Durante seu período na faculdade Sylvia intercala seus comentários de estudos, poesias, primeiros encontros, paixonites, casos que não vão a lugar nenhum, desejos, classes, trabalhos, rotinas, dia a dia. Durante os estudos Sylvia foi convidada a ser editora da revista Mademoiselle e chegou a morar em Nova York. O que era um sonho logo se mostrou algo completamente diferente do que ela imaginava e causou uma reviravolta na sua vida. Tudo isso é retratado em A Redoma de Vidro (semana que vem nesse canal rs).
Tudo isso com angústias e dores de uma jovem de 20 anos. E são nessas brechas e nuances que a gente começa a entender as suas questões de saúde mental que a levaram a tentar o suicídio no primeiro ano de faculdade com uma overdose - e outras tentativas nos outros anos. Ela passou seis meses em uma instituição psiquiátrica, fez tratamentos com eletrochoque, se recuperou e retornou aos estudos se formando com louvor em 1955. Importante ressaltar que isso só foi possível com a ajuda de Olive Higgins Prouty, uma escritora que financiou a estadia de Sylvia no hospital e a bolsa que ela tinha e arcava com suas despesas na faculdade.

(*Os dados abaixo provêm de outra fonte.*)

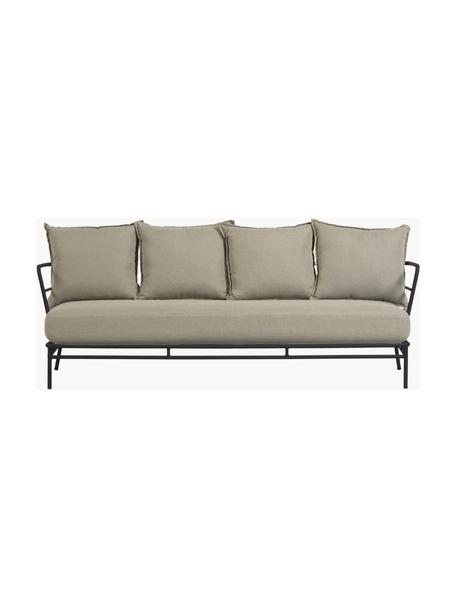 Garten-Loungesofa Mareluz (3-Sitzer), Gestell: Metall, verzinkt und lack, Webstoff Greige, Schwarz, B 197 x T 75 cm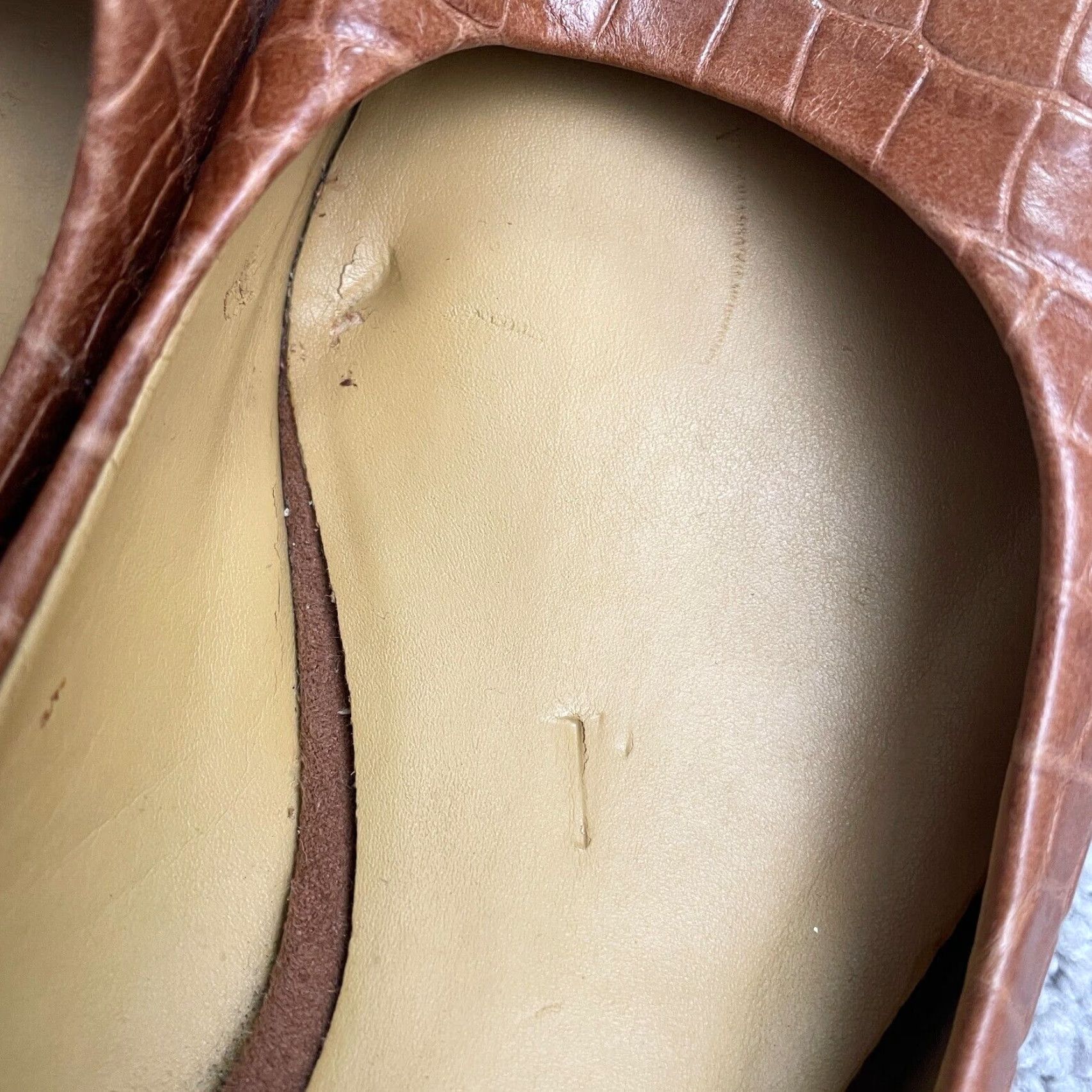 Nine West Nine West Pointed Toe Pump Heels Womens 8M Brown Crocodile Workwear Business Dress Shoes Size US 8 / IT 38 - 6 Thumbnail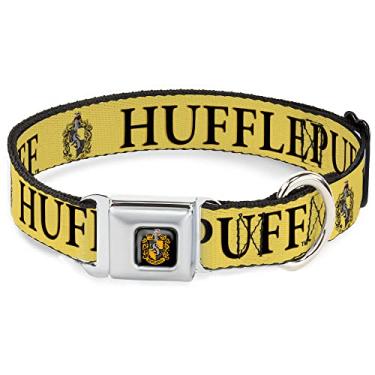 Imagem de Coleira de cachorro fivela de cinto de segurança Harry Potter brasão da Lufa-Lufa Amarelo Preto 40,6 a 58 centímetros 3,8 cm de largura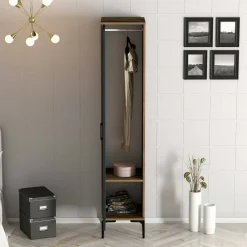 Armadio multiuso 1 anta Giusta, 40x201h48 cm, Noce e Antracite<Dmora Flash Sale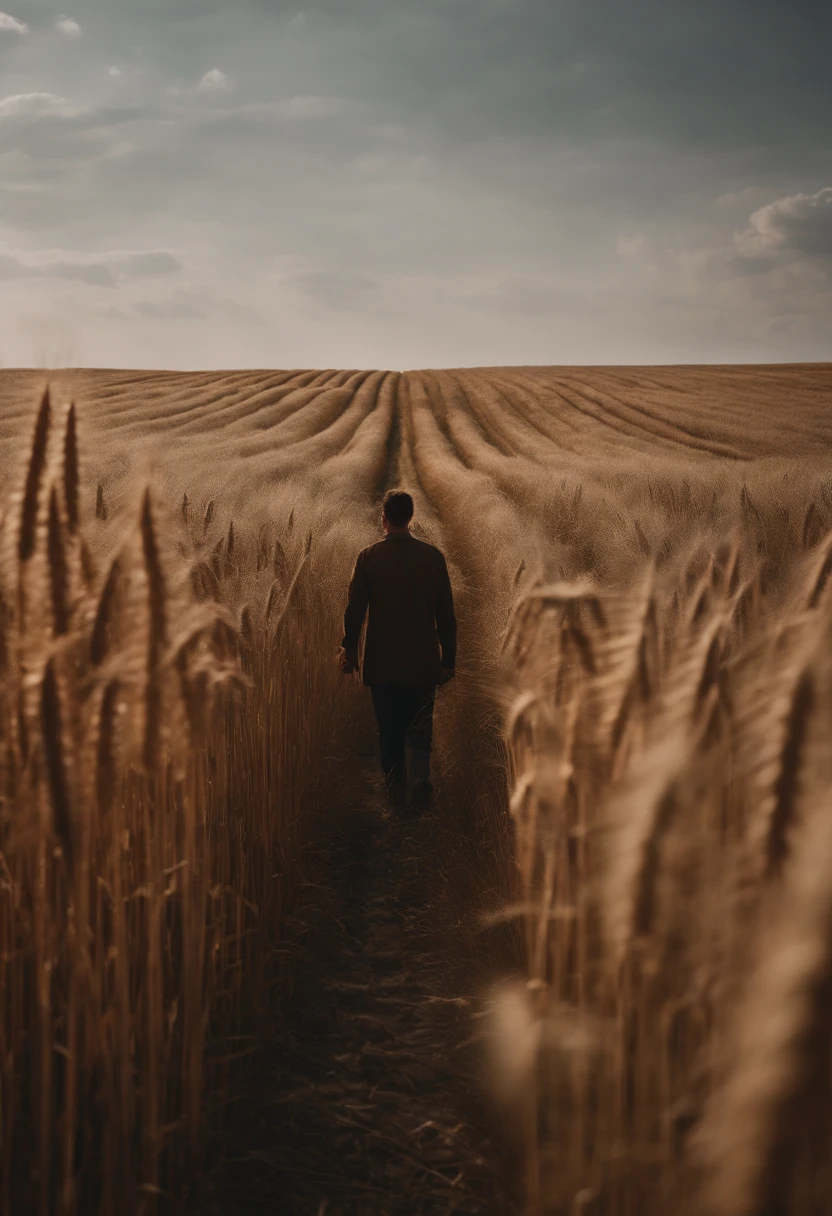 a lifestyle shot of a person walking through a wheat field, surrounded by the tall stalks, capturing the sense of being immersed in the beauty of nature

Depois de se recuperar e se formar no Smith conseguiu uma bolsa integral em Cambridge na Inglaterra, continuando a escrever poesia e a publicar no jornal Varsity. Foi lá, em fevereiro de 1956 que conheceu o poeta inglês Ted Hughes, em uma festa de lançamento. Sylvia definiu como “paixão imediata”. Se casaram 4 meses depois. Tudo isso é relatado no diário, seus primeiros meses na Inglaterra, as viagens pela Europa, se apaixonar por Ted, o início do relacionamento, o casamento, a visita da mãe à Inglaterra, a lua de mel na em Paris e na pequena casa alugada na Espanha e o retorno aos Estados Unidos.
Nesse início da vida de casados Sylvia relata a dificuldade de manter o trabalho na faculdade e o trabalho criativo escrevendo poesias, a vida social, atender a semináriao, a vida com Ted e tudo isso. Plath acaba trabalhando como recepcionista de uma clínica psiquiátrica nesse período e atendendo a seminários durante a noite. Anne Sexton encorajava Sylvia a escrever mais de uma perspectiva pessoal e feminina. Acho que temos muito a agradecer aqui, já que foi nesse período que Plath começou a levar seus poemas e sua escrita de forma mais séria e dedicada.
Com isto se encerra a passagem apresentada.